Chapitre 3 – Voix moyenne et constructions réfléchies

Les notions de voix moyenne et de réflexivité sont souvent délicates à manipuler. Le champ d'application du morphème peut être très large et la délimitation des fonctions est souvent difficile à poser. Ces complications sont liées d'une part à la présence d'un ou deux marqueurs pour les fonctions réfléchies et moyennes et d'autre part à l'extension des fonctions du marqueur moyen. Les fonctions liées à la voix moyenne sont parfois identifiées comme des fonctions non canoniques de la réflexivité. Ceci résulte du fait que dans un grand nombre de langues, les fonctions réfléchies et moyennes sont marquées par le même morphème, la dissociation entre réfléchi et moyen est alors confuse. Ainsi, l'ensemble des fonctions que nous abordons dans ce chapitre sous la notion de voix moyenne, est repris chez certains linguistes sous la notion de voix ou diathèse réfléchie avec plus ou moins les mêmes buts et les mêmes définitions. Ainsi, Geniusiene (1987) dresse une étude typologique des sens (équivalent de fonctions dans cette analyse) des marqueurs réfléchis (MR). Son intérêt porte principalement sur les MR polyfonctionnels, c'est-à-dire des morphèmes qui marquent une variété de sens à l'intérieur desquels le sens réfléchi ne correspond qu'à un de ces sens parmi d'autres. Nous proposons une terminologie inverse. Dans l'ensemble des langues du monde, les marqueurs polyfonctionnels peuvent selon les langues avoir ou non une fonction réflexive, seules les langues à deux marqueurs marquent le sens réfléchi par un morphème qui ne véhicule aucune autre fonction et l'on trouve un second marqueur qui peut toujours être défini comme un marqueur polyfonctionnel ne marquant que des fonctions proprement moyennes. Dans ces langues à deux marques, d'après les études diachroniques effectuées sur ces marqueurs, on peut souvent rétablir, à l'origine, une utilisation réfléchie pour le marqueur moyen (Kemmer, 1993 : chapitre 5, plus particulièrement page 196-197). Ainsi, dans le premier cas : une seule marque, nous préférons parler de voix moyenne englobant la fonction réfléchie.

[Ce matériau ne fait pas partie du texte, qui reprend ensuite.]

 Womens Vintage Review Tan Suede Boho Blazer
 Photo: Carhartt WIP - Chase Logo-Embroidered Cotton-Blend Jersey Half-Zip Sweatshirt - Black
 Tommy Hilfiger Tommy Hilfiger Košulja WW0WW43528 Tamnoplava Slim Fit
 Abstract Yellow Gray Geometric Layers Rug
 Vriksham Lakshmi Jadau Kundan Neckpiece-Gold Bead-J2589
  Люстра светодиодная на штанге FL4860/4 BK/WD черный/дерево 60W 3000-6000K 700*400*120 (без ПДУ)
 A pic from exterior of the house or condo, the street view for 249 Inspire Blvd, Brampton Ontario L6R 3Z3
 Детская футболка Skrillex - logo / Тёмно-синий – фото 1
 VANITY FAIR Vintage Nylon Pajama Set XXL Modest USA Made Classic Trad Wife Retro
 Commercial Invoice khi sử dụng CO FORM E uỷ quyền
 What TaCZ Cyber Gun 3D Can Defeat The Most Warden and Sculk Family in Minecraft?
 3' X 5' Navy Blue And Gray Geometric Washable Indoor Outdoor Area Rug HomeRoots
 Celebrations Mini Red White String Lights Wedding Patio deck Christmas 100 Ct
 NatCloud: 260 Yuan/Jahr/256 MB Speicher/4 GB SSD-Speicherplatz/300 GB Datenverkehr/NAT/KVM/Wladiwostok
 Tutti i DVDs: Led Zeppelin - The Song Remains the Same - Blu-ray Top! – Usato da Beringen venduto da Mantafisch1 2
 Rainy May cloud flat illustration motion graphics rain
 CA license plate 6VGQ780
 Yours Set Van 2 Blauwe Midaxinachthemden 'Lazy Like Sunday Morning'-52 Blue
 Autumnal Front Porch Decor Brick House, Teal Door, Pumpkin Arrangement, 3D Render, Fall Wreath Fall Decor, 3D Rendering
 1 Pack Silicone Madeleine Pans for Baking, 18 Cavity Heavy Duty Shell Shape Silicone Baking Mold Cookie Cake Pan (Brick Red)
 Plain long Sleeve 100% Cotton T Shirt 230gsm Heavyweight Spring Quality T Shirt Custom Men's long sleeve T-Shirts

Autrement dit, face aux deux approches de la voix moyenne les plus courantes : voix moyenne considérée comme une notion très générale où la notion de réfléchi est un cas particulier vs. voix moyenne définie par opposition à réfléchi, dans cette étude, nous adoptons la première approche. Toutefois, la présentation de la voix moyenne englobant la réflexivité comme une ses fonctions est cependant divisée en deux de par les caractéristiques de marquage de la langue wolof.

Une partie de la difficulté liée à l'analyse des fonctions de voix moyenne est levée en wolof. On peut isoler deux marqueurs différents, une forme composée du lexème bopp 'tête' et des marqueurs possessifs pour l'expression de la réflexivité et un morphème de dérivation verbale –u/–ku. Cependant, la difficulté liée à l'extension d'utilisation de ce –u n'est pas levée, les fonctions que l'on peut rattacher à cette marque sont assez étendues.

Il est également possible selon les particularités des langues de présenter dans le même temps les constructions réciproques qui sont souvent marquées par le même morphème que celui de la réflexivité et des autres fonctions de la voix moyenne. Cependant, les données du wolof nous conduisent à écarter les constructions réciproques de cette présentation. Bien qu'il existe une affinité particulière de la réciprocité avec le marqueur moyen dans beaucoup de langues, la réciprocité est liée dans certaines langues à d'autres opérations sur la valence ou même à des opérations dont le lien avec la valence n'est pas immédiat, il semble que ce soit le cas en wolof, nous y reviendrons dans le chapitre 7.

Comme la plupart des chapitres de cette partie, l'analyse des voix du wolof est toujours précédée d'une présentation typologique. L'organisation propre à ce chapitre dissocie les constructions réfléchies des fonctions proprement moyennes. En effet, dans cette langue, les constructions réfléchies ne relèvent pas du système de la voix. Cependant, sur le plan typologique et de par les modifications sémantiques qu'entraîne le marqueur réfléchi, ces constructions sont liées à l'expression d'autres fonctions moyennes qui entrent dans le système de la voix.

Nous présentons, tout d'abord les constructions réfléchies sur le plan typologique, puis les constructions réfléchies du wolof. Ensuite, nous présentons, d'un point de vue typologique, l'ensemble des fonctions qui peuvent être rattachées au marqueur de voix moyenne et qui ne sont pas strictement réfléchies, bien qu'elles montrent une certaine proximité avec cette fonction. Enfin, nous présentons dans ce cadre les fonctions que l'on peut rattacher au suffixe –u du wolof.